The reason is obvious: Some old lady has been living in a three bedroom apartment for the last 54 years paying $83.42 per month and finally at long last she dies.

Then, the Communist Government of the City of New York tells you that you must rent to the next qualified applicant and you can only raise the rent by 2.5% percent plus a vacancy increase, bringing the largest legal rent you can charge to the next tenant to $87.93 per month.

So, what do you do? You simply do not rent to anybody. That apartment remains unoccupied for the next 20-30 years, while newcomers to New York City complain they cannot find affordable housing.

This situation is, of course, entirely the fault of Sheldon Silver.

They tried Communism in the Soviet Union and found that it did not work. Sheldon Silver is not a Communist. He is your typical dishonest politician who claims he is trying to help one group when actually he is helping another.

For example, he says he supports rent control so as to provide affordable housing to the poor people of the city. I live in Brownsville, Brooklyn, which is absolutely the rock bottom poorest section of New York City. We do not allow no white people to live around here. Mike Tyson grew up two blocks from my house and personally gives out free turkeys here every Thanksgiving Day.

Since Sheldon Silver says he is trying to help the poor people, you would think that the people around my house would support him. They do not. They recognize rent control for what it is, a scam to help the rich get richer. Poor people do not benefit from the rent control laws. In order to have rent control, you must have lived in the same apartment since July 1, 1971. Poor people frequently move or are often evicted. None of them have stayed in the same place since 1971. In addition, poor people are found in New York City Housing projects or in Section 8 Housing. Rent control and rent stabilization laws do not apply to those people.

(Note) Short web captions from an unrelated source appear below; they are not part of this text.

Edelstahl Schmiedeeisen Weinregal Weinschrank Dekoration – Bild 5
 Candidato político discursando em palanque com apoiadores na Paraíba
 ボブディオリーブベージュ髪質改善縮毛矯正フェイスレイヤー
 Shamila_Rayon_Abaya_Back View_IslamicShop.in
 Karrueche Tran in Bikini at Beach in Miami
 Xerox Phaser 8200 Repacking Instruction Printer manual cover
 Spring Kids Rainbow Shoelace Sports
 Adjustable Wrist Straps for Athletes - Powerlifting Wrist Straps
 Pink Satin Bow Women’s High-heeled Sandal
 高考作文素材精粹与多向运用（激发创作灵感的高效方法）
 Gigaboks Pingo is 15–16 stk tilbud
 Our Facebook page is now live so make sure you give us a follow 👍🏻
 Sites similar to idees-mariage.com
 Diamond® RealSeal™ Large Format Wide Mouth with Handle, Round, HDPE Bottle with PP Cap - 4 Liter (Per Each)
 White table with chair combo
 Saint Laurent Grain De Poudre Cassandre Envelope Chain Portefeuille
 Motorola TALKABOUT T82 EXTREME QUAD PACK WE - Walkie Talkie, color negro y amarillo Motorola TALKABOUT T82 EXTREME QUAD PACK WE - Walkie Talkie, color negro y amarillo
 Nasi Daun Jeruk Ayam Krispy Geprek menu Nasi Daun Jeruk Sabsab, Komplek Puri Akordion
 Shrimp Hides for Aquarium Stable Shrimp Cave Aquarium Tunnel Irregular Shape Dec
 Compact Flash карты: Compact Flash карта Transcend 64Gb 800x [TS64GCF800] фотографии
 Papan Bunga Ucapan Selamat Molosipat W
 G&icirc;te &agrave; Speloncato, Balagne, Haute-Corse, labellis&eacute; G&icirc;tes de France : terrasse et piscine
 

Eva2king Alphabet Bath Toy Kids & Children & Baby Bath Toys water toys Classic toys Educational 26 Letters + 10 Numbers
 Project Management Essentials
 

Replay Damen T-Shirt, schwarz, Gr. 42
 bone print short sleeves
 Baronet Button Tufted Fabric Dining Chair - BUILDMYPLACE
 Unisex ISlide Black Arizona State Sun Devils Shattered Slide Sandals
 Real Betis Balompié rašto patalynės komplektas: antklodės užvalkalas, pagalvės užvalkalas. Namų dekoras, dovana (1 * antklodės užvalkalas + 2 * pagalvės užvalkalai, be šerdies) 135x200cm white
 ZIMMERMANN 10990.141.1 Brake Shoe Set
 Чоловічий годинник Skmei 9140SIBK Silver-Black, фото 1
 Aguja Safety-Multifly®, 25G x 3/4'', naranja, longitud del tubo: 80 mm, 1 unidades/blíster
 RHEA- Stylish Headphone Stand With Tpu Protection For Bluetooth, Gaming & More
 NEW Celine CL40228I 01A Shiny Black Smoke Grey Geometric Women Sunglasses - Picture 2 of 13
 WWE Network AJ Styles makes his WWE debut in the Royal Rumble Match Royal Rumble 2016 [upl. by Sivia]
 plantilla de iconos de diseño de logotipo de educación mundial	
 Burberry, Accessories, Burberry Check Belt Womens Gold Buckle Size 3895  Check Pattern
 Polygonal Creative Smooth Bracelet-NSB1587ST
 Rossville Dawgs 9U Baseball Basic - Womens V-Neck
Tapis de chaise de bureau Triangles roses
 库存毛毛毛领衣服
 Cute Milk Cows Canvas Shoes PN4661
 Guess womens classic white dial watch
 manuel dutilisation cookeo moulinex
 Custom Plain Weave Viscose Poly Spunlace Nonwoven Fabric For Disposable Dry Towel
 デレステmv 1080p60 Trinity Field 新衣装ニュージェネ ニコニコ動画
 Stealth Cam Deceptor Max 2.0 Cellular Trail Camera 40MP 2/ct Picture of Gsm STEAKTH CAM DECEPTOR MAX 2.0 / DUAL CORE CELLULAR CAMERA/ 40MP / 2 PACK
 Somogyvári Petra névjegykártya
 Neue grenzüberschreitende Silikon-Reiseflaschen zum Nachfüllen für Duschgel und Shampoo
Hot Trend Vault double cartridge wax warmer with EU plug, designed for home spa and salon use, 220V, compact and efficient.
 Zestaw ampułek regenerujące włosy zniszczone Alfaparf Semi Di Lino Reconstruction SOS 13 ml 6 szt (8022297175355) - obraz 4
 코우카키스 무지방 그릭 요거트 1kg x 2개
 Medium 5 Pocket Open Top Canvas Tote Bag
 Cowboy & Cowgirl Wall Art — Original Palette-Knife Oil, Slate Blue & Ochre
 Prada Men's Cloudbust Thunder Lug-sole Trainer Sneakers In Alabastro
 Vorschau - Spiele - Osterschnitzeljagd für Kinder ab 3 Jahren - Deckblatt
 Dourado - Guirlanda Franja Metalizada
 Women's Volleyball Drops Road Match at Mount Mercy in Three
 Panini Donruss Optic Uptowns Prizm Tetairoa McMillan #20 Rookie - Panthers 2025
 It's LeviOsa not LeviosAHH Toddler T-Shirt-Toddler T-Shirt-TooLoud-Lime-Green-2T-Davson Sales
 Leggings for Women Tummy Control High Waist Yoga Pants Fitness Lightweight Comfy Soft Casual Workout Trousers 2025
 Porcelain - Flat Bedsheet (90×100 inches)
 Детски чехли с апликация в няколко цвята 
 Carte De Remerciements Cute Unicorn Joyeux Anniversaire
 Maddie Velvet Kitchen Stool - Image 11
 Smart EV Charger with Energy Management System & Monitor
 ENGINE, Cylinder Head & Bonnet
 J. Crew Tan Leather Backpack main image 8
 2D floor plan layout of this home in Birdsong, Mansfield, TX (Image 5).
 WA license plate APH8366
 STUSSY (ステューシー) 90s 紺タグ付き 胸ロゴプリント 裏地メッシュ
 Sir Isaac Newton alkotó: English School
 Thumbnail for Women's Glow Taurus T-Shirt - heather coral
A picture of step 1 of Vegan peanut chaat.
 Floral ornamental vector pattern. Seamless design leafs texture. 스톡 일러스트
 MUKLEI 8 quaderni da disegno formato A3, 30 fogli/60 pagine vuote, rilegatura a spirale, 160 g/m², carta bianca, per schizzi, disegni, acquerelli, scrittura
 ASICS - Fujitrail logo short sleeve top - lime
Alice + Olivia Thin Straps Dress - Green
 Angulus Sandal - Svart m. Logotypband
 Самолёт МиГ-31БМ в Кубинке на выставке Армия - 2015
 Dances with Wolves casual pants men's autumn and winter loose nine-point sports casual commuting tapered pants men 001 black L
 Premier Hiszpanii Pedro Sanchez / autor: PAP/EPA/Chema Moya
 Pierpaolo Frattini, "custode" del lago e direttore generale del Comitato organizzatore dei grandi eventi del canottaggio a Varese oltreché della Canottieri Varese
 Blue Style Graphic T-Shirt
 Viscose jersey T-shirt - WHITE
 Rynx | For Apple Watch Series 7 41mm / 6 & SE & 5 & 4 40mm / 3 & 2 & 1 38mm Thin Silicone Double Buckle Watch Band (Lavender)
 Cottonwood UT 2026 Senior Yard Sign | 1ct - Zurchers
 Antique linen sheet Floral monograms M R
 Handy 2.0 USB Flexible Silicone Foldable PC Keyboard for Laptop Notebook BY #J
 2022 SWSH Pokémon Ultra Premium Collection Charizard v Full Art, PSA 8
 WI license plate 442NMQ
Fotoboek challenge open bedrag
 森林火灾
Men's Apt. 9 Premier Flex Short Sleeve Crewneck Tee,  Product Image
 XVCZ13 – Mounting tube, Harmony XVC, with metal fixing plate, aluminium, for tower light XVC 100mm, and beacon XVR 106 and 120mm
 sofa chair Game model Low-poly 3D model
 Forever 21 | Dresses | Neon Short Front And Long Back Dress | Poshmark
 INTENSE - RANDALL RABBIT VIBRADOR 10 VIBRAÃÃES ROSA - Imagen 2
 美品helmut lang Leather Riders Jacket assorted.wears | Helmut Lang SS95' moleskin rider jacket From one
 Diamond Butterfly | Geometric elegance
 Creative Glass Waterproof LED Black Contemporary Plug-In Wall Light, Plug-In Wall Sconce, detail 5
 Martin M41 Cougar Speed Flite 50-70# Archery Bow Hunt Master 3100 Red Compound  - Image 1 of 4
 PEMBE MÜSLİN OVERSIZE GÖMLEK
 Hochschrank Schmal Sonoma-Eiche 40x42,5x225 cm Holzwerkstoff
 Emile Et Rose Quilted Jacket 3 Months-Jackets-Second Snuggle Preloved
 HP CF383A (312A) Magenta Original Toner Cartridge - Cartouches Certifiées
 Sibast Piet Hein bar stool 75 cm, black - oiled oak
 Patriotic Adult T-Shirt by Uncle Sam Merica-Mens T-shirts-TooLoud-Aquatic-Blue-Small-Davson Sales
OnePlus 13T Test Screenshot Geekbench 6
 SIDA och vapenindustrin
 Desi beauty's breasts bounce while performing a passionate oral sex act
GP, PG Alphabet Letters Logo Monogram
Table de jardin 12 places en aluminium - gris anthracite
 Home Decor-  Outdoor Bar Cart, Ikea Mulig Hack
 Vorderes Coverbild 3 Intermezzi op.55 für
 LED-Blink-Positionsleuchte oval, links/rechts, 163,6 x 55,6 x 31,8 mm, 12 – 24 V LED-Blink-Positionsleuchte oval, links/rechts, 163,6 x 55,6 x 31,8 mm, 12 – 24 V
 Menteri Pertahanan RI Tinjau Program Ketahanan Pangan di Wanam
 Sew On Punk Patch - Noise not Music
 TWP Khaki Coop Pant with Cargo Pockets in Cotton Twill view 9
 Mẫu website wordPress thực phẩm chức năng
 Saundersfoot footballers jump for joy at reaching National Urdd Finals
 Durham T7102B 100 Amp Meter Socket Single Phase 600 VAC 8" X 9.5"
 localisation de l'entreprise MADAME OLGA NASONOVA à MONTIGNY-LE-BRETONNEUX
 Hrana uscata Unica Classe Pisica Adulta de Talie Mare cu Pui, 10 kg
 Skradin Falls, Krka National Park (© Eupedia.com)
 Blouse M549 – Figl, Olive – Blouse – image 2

Rent control and the New York City judicial system also prevents poor people from improving their lives. Every day, I meet people of color who want to improve their lives by buying a house and renting out a few apartments. However, many who have done so eventually wind up losing their money and their building. This is because after they buy the building, they rent to somebody who is sharp with the law and after the first month refuses to pay the rent. It takes a minimum of six months to a year to evict such a person, if the eviction is successful, and often it is not. I know many cases of people who have lived rent free in their apartments for years while their case has dragged through the housing courts and have never been evicted.

This again is the fault of Sheldon Silver. Almost nobody supports or agrees with the present situation, but as long as Sheldon Silver holds veto power over any meaningful legislative change, there will never be affordable housing in New York City for new residents and the Second Avenue Subway Line will never be built.